Он взял лист бумаги из своего чемоданчика и стал рисовать пригласительные билеты:


Уважаемый дед

Сергей с горушки!

Приглашаем вас с супругой (Евсевной)

на торжественный банкет – встречу Нового года.

Форма одежды нарядная.

Лучше всего приходить со своим стулом или с табуреткой.

Встреча состоится в доме дяди Фёдора.



– Почему дяди Фёдора? – спрашивает Печкин. – А моя почта на что? Там помещение побольше будет. Там можно даже танцы устраивать.

– А телевизор там есть? – спрашивает папа. – Ведь мы должны нашу маму видеть. Ее будут из подвала передавать.

– Есть там, есть телевизор! Мы всё увидим. И там большая елка прямо перед окном растет.

Папа все пригласительные билеты на почту переписал. А Печкин их быстро по адресам разнес.

Потом они все, кроме папы, взяли всё нужное и пошли на почту, чтобы почту в зал приемов переоборудовать. Папа в избе остался, ему надо было к празднику узбекский плов готовить из гречки.



Глава 7. Неприятности в подвале Дома журналистов


В подвале Дома журналистов было очень светло и много музыки. Кругом были участники художественной самодеятельности. Один участник был художественнее другого.

Это были пластичные ребята и девушки из самодеятельного цирка. Они были все в блестках и купальниках.

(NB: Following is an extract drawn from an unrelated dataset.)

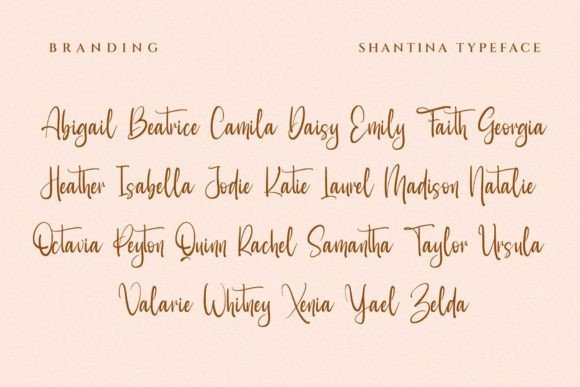 Shantina Font - Image 8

А некоторые были только в блестках, потому что купальники у них были незаметные, под цвет загара.

Они принесли огромное количество резиновых гирь. Мама взяла одну резиновую гирю и упала, потому что гиря была настоящая.

Там еще были певцы во фраках напрокат. Один певец, например, мог в своем фраке, как в дачном туалете, вертеться. Потому что такой большой был у него фрак. Но пел он прекрасно. Он пел известную арию «Не счесть алмазов каменных в пещерах…».

рисунок

А танцоров всяких танцев – украинских, испанских, молдаванских и цыганских – было столько, что они весь Дом журналистов заполнили от подвала до чердака. И все везде все репетировали. Одних кадрилей репетировалось три: подмосковная, подпсковская и подсанкт-петербургская.



Мамина аккомпаниаторша – менеджер по колготкам тетя Валя – так волновалась, что ноты с песнями вместо пригласительного пропуска на входе милиционеру отдала. А дежурный милиционер сам так волновался, что эти ноты вместо пропуска взял.

И вот режиссер Грамматиков, ответственный за концерт, закричал:

– Внимание, до начала трансляции осталось два часа! Начинаем прогон.

Прогон – это не тогда, когда прогоняют ненужных людей, а тогда, когда идет последняя репетиция.

Операторы схватились за камеры, осветители – за фонари, прозвучали фанфары, и концерт пошел. Вернее, не концерт, а репетиция концерта.